De PSA-waarde alleen is daarom onvoldoende voor screening. Mannen van 45 jaar en ouder moeten regelmatig worden gescreend prostaatkanker, die bestaat uit een medische geschiedenis, een algemeen onderzoek en het prostaatpalpatieonderzoek, DRU genaamd. Als er een vermoeden bestaat van of een verhoogd risico op prostaatkankermoet het PSA-niveau worden bepaald volgens de richtlijnen van de Duitse Kankervereniging.

In dit geval is de bepaling dan ook een voordeel van de volksgezondheid Afhankelijk van het bedrag zijn de volgende aanbevelingen van toepassing op mannen ouder dan 45 jaar met een levensverwachting van minimaal 10 jaar: PSA <1 ng / ml: controle om de 4 jaar PSA 1-2 ng / ml: controle om de 2 jaar PSA> 2 ng / ml: eenmaal per jaar controleren

  • PSA <1 ng / ml: elke 4 jaar controleren
  • PSA 1-2 ng / ml: elke 2 jaar controleren
  • PSA> 2 ng / ml: controle eenmaal per jaar

Idealiter moet altijd rekening worden gehouden met de leeftijd van de patiënt, het prostaatvolume en de snelheid waarmee de PSA toeneemt.
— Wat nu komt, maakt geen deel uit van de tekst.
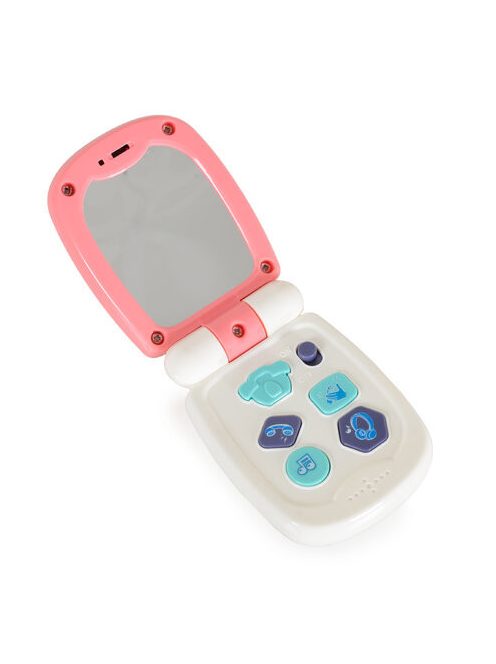 MONI TOYS műanyag baby kinyitható gombos telefon FEHÉR/PINK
Bovendien kan door aanvullend het vrije PSA te bepalen, het PSA-quotiënt worden bepaald, dat wordt berekend als de verhouding van fPSA tot tPSA: PSAQ = fPSAtPSA. Het aandeel vrije PSA zou meer dan 15% moeten zijn, aangezien om tot dusver onbekende redenen de fPSA bij prostaatkanker afneemt. De PSAQ is daarom iets specifieker voor prostaatkanker dan de pure PSA-waarde, maar is ook niet sluitend.